Langkah yang harus dilakukan oleh Mubtadiah Ghoiru Mumayyizah pada bulan pertama sama dengan apa yang dilakukan oleh Mubtadiah Mumayyizah, hanya saja dia wajib mengqodlo’ sholat selama 14 hari yang wajib ditinggalkannya untuk bulan pertama, setelah itu pada bulan kedua dan seterusnya dia wajib mandi setelah darah yang keluar mencapai 1 hari 1 malam dan wajib menjalankan segala aktifitas ibadahnya.
3. Mu’tadah Mumayyizah
Yaitu wanita yang sudah pernah haidl dan suci, dan mengeluarkan darah melebihi batas maksimal haidl (15 hari 15 malam). Serta darah yang keluar dapat dibedakan antara yang kuat dan lemah dan memenuhi syarat-syarat mubtadi’ah Mumayyizah .
Mengenai hukumnya adalah sebagaimana Mubtadi’ah mumayyizah. Yaitu darah kuat dihukumi haidl dan darah lemah dihukumi istihadloh, Kecuali jika diantara keluarnya darah yang kuat dan lemah dipisah oleh Aqolluttuhri (masa minimal suci/15 hari), maka darah lemah yang jumlahnya sama dengan kebiasaan haidlnya, serta darah kuat yang keluar setelahnya dihukumi haidl.
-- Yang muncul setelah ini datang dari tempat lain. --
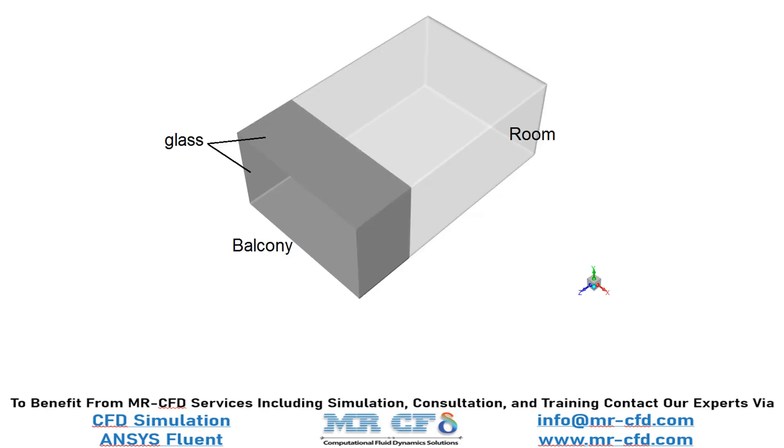The geometry of the present project for analyzing this simulation consists of a room and a balcony and is designed in ANSYS design modeler software.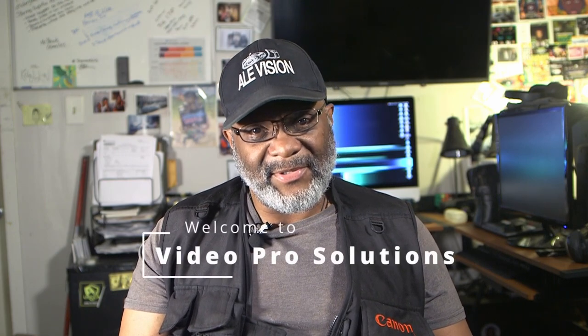Hello, my name is Andre. I'm a videographer and owner of L-Vision 2020 Productions. Welcome to Video Pro Solutions.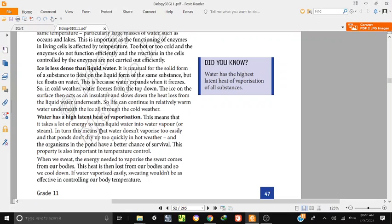This means that it takes a lot of energy to turn liquid water into water vapor or steam. Water doesn't evaporate too easily, and organisms in the pond have a better chance of survival.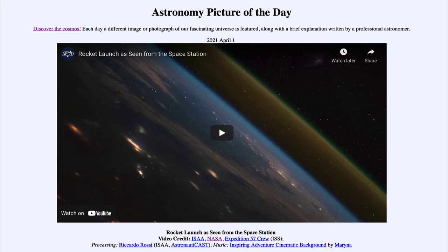So that was our picture of the day for April the 1st of 2021, titled 'Rocket Launch as Seen from the Space Station.' We'll be back again tomorrow for the next picture. Until then, have a great day everyone, and I will see you in class.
Dan darah lemah ditengahnya dihukumi istihadloh.
Contoh:
Seorang wanita yang kebiasaan haidlnya 3 hari, mengeluarkan darah selama 21 hari, dengan perincian: Darah lemah 19 hari, darah kuat 2 hari, maka haidlnya adalah 3 hari pertama, sesuai adatnya, dan 2 hari terakhir. Karena darah 2 hari itu, keluar setelah darah lemah melewati masa aqollu thuhri (15 hari 15 malam). sedangkan darah 16 hari ditengah tengah, dihukumi istihadloh.
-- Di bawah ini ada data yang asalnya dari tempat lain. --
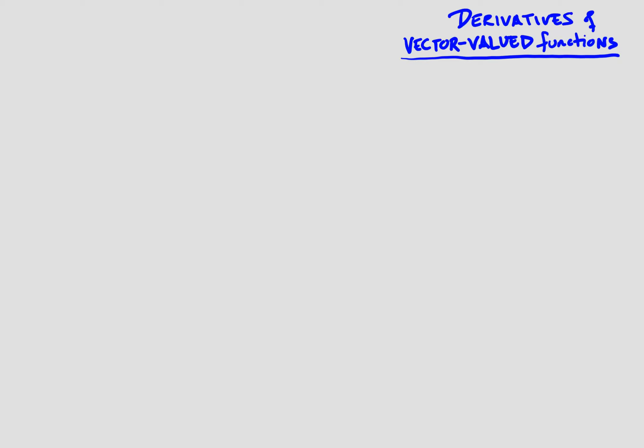Welcome back. Today we will talk about derivatives of vector-valued functions. This is the first time we've had an actual calculus concept of derivatives coming into this class, so this is an exciting day.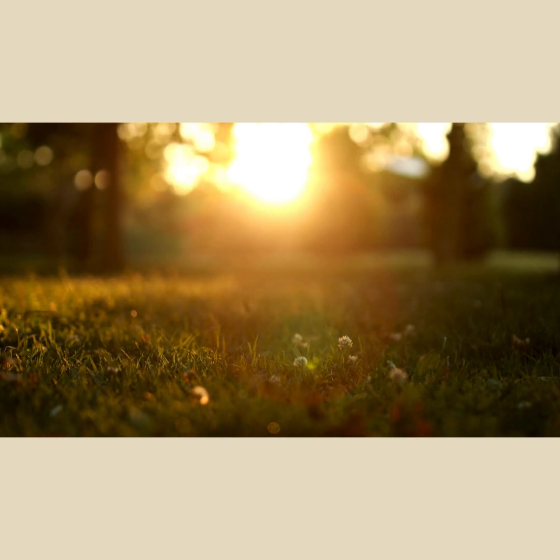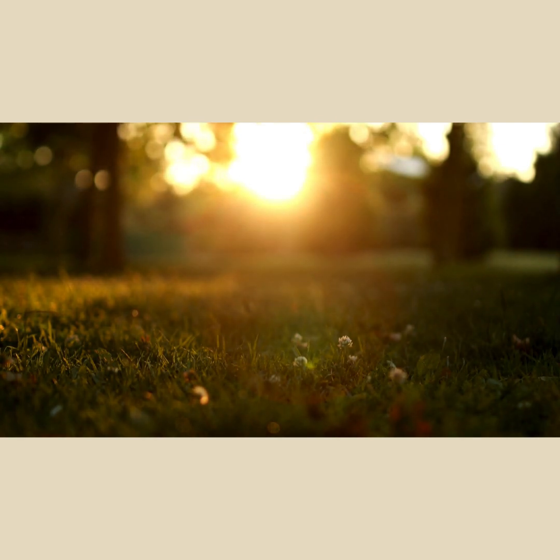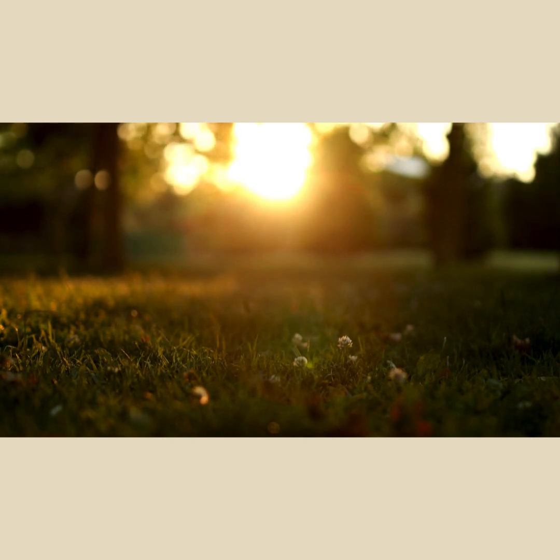Inhale in through your nose, exhale out through your mouth. Breathe with an intention to make your breath deeper, longer, quieter, and slower.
Langkah yang harus dilakukan oleh Mu’tadah Mumayyizah pada bulan pertama dan bulan-bulan selanjutnya sama dengan Mubtadi’ah Mumayyizah.
4. Mu`tadah Ghoiru Mumayyizah Dzakiroh Li` Adatiha Qodron Wa waktan.
Yaitu wanita yang sudah pernah mengalami haidl, dan darah yang keluar melebihi batas maksimal haidl (15 hari 15 malam) dalam satu warna, atau lebih dari satu warna namun darah yang keluar tidak memenuhi kriteria yang ada pada Mubtadiah Mumayyizah, serta dia masih ingat betul mulai dan sampai kapan kebiasaan haidl yang ia jalani. Untuk wanita semacam ini, yang dijadikan pedoman dalam menentukan haidl dan sucinya adalah kebiasaan haidl dan suci yang telah dialaminya.
Contoh:
Kebiasaan haidl seorang wanita 5 hari diawal bulan dan masa sucinya selama 25 hari. Kemudian dia mengeluarkan darah Istihadloh yang tidak bisa dipilah antara yang kuat dan yang lemah, atau bisa dipilah akan tetapi darah tersebut tidak memenuhi ketentuan-ketentuan yang ada pada Mubtadiah Mumayyizah, maka untuk wanita seperti ini yang dihukumi haidl adalah darah yang keluar 5 hari pertama (sesuai adatnya).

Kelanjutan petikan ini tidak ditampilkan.